● Assigned task
Using the data that follows, give again word for word the lines between the one holding "thumbnail image 4" and the one holding "Diesel Engine with", inclusive. Omit the pictures.

Data listing below:

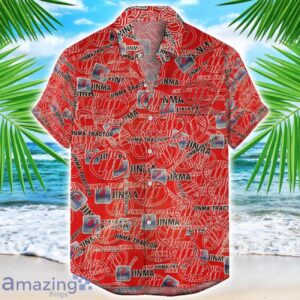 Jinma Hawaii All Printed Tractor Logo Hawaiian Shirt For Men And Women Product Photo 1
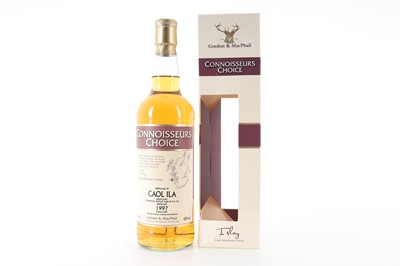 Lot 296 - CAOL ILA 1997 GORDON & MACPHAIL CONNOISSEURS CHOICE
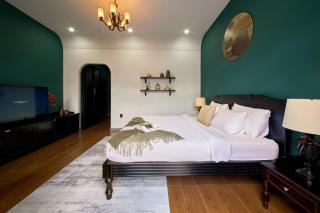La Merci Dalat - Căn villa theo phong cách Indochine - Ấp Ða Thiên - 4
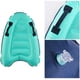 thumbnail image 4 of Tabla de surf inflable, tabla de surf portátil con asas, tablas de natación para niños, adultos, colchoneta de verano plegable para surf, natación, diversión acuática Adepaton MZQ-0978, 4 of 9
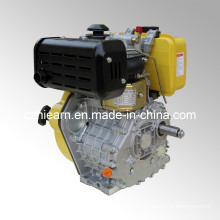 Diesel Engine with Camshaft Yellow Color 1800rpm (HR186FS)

End of Data listing.
Data listing below:

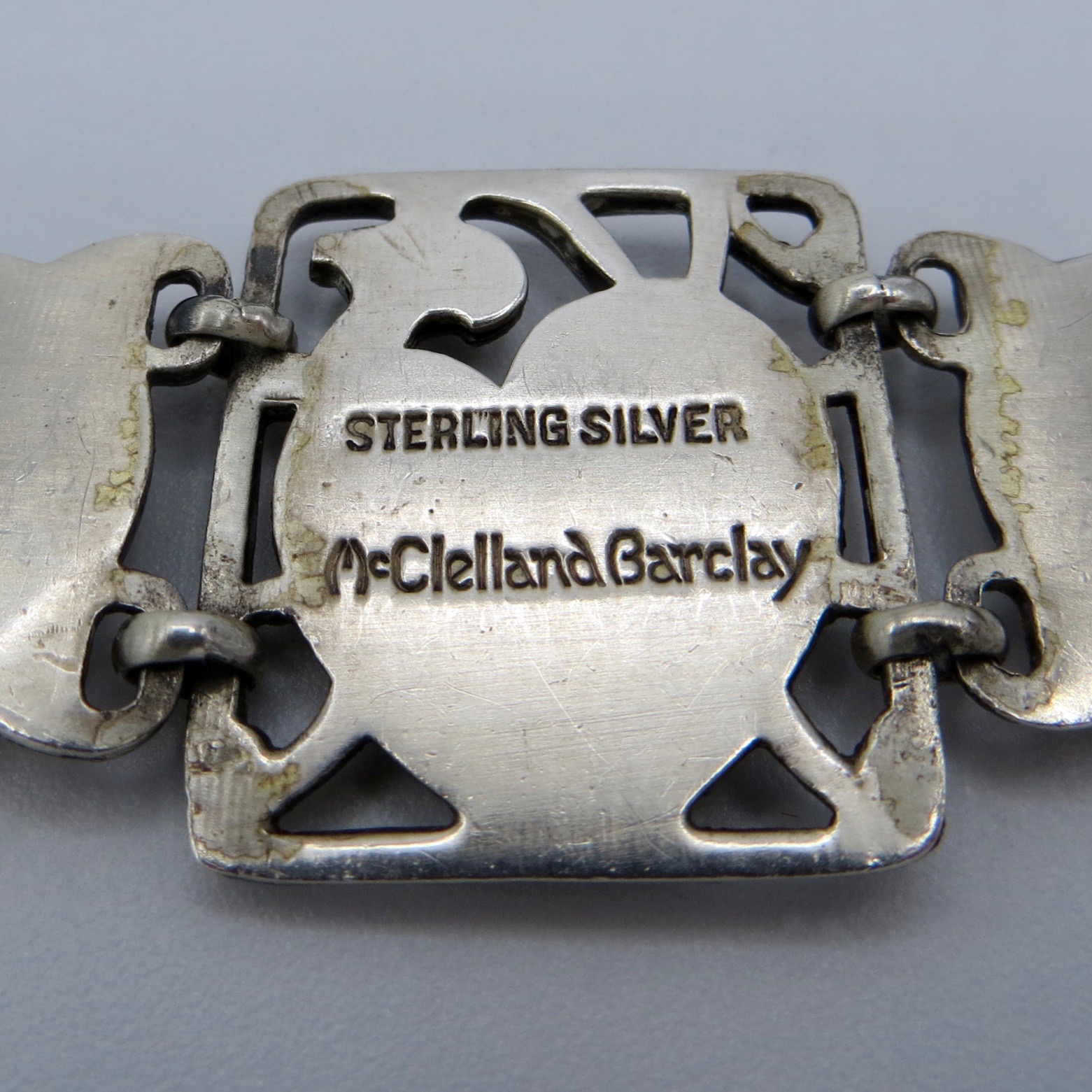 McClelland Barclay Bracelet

End of Data listing.

● Solution for this exercise
 thumbnail image 4 of Tabla de surf inflable, tabla de surf portátil con asas, tablas de natación para niños, adultos, colchoneta de verano plegable para surf, natación, diversión acuática Adepaton MZQ-0978, 4 of 9
 Diesel Engine with Camshaft Yellow Color 1800rpm (HR186FS)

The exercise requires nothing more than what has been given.